The difference in their study, they studied male factor infertility, used large number in the control group (n = 480), and they split the treated group into two subgroups according to sperm motility after (PF) treatment, while in the present study, we strict the study on NOA patients, divided randomly into two equal groups (n = 30) with no PF treatment.
In the present study, calcium ionophore treatment slightly improved ICSI outcomes only in some embryo parametrs, which suggests that not only the spermatozoa but also the oocyte plays a role in oocyte activation. It has been postulated that PLC-z is inactive inside spermatozoa, and that it is activated upon introduction into the oocyte [47]. In addition, it has been postulated that the action of the sperm factor is not a passive process, but instead depends on oocyte agents, such as sperm nucleus decondensation factor (SNDF) [48].
Even though it has been demonstrated that AOA can promote a rise in intracellular calcium concentration, which can result in higher fertilization rates, in the present study, no improvement in fertilization was found when a calcium ionophore was applied. Nevertheless, further embryonic development was found to be positively affected by AOA.
The hypothesis that Ca2++ oscillations may provide more than merely a stimulus for meiotic resumption and that they may play a role in long-term embryonic events was previously discussed [49] [50]. It has been shown that differences in Ca2++ signaling patterns can have effects not only on implantation and post-implantation development but also on long-term fetal morphology [50] and weight variation in offspring [25].
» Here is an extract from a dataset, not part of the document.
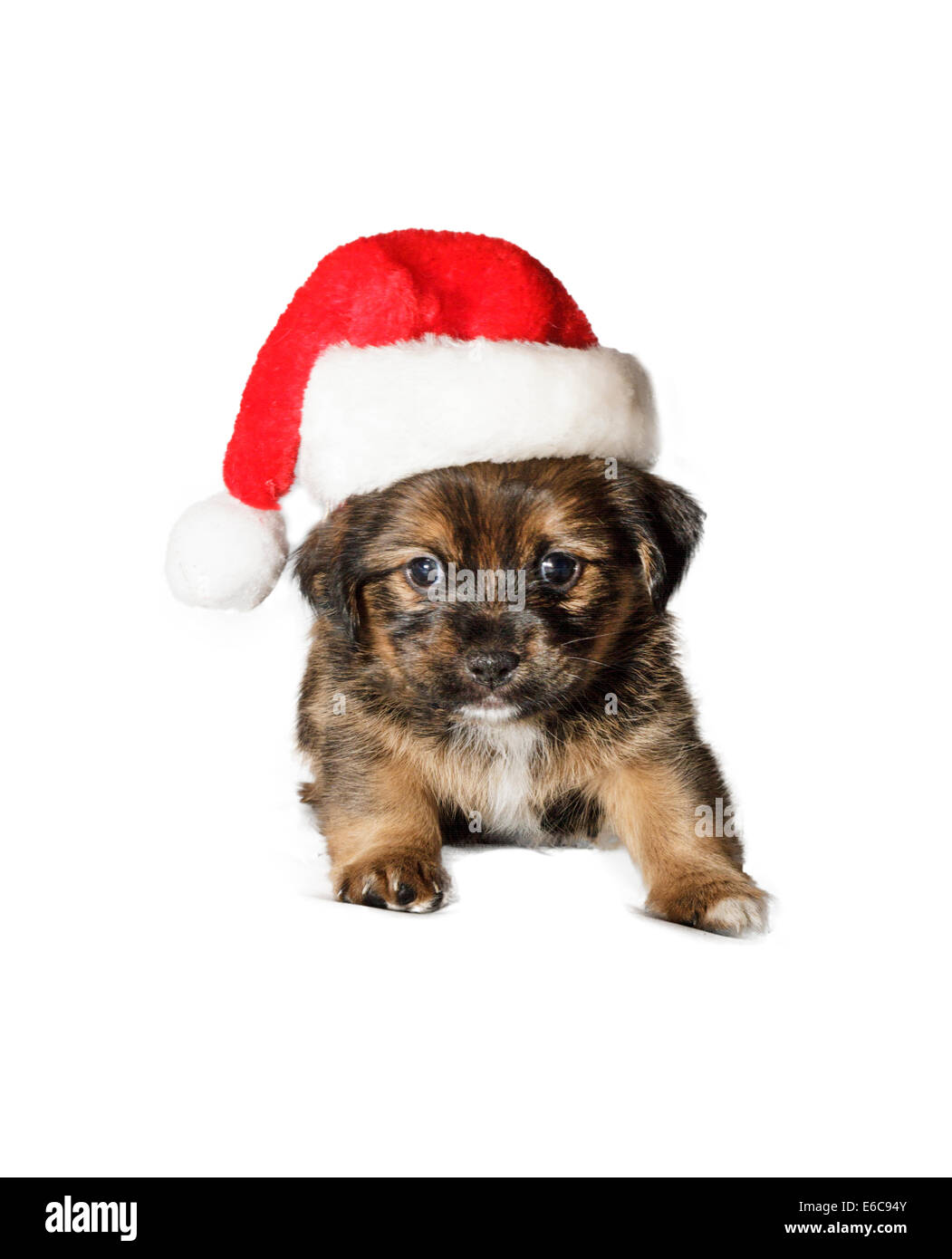 Puppy in cappello di Natale Foto Stock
The exact mechanism by which intracellular Ca2++ influences embryonic development is not completely understood; however, it has been postulated that the calcium oscillation pattern may partly act through gene expression regulation [50].
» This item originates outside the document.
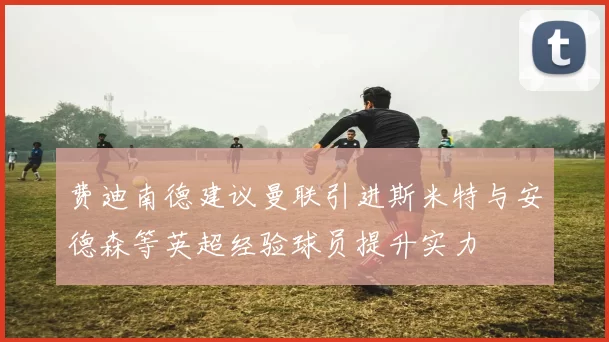 费迪南德建议曼联引进斯米特与安德森等英超经验球员提升实力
In the study by Ebner et al., [51] Ca ionophore treatment during ICSI failed to improve fertilization rates, but instead, it improved the number of embryos going to the blastocyst formation in patients with previous embryo development problems and this is in agreements with the finding of the present study.
Finally, although the findings of this study are interesting, the present trial has some limitations, especially when the groups were done only on non-obstructive azoospermia with surgically retrieved sperms. Therefore, a well-conducted, prospective randomized study with wider types of sever male factors infertility with larger number of patients is needed to give the definitive answers.
5. Conclusion
AOA by Ca2++ ionophore didn’t improve the outcome of ICSI cycle in cases of non obstructive azoospermia in terms of fertilization, implantation and pregnancy rate.
Declaration
This study was approved from the Ethics committee, faculty of medicine, Alexandria University. The number is: 0105188.
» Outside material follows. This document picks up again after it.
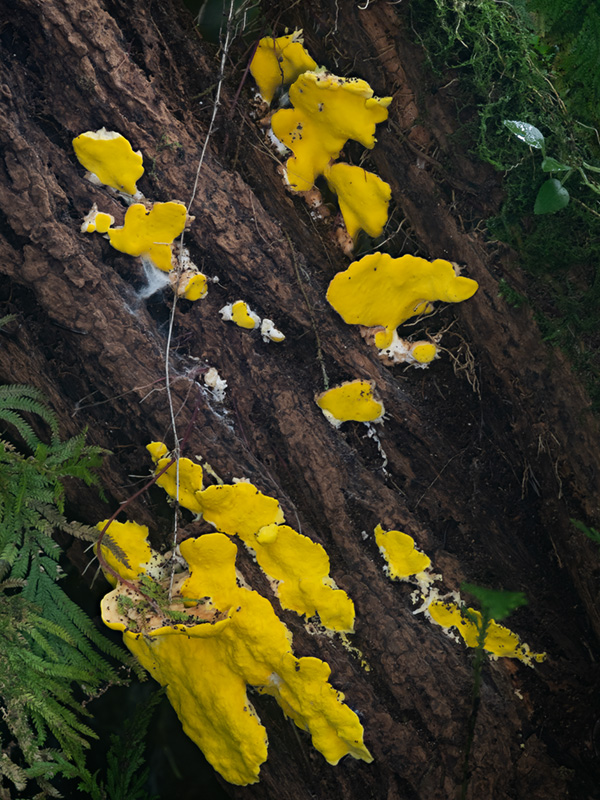 Flaviporus brownii Flaviporus brownii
Written informed consent for publication of their clinical details and/or clinical images was obtained from the patient. A copy of the consent form is available for review by the Editor of this journal.
The datasets used and/or analysed during the current study are available from the corresponding author on reasonable request.
Funds
Personal.
Authors’ Contributions
ME analyzed and interpreted the patient data regarding the ICSI cycle parameters. EK, YO, SM and ME performed the ovarian stimulation, patients follow-up, ovum pick up and embryo transfer. ME and YO were contributors in writing the manuscript. All authors read and approved the final manuscript.
Acknowledgements
Madina and repro IVF centers embryology team for assistance in the work.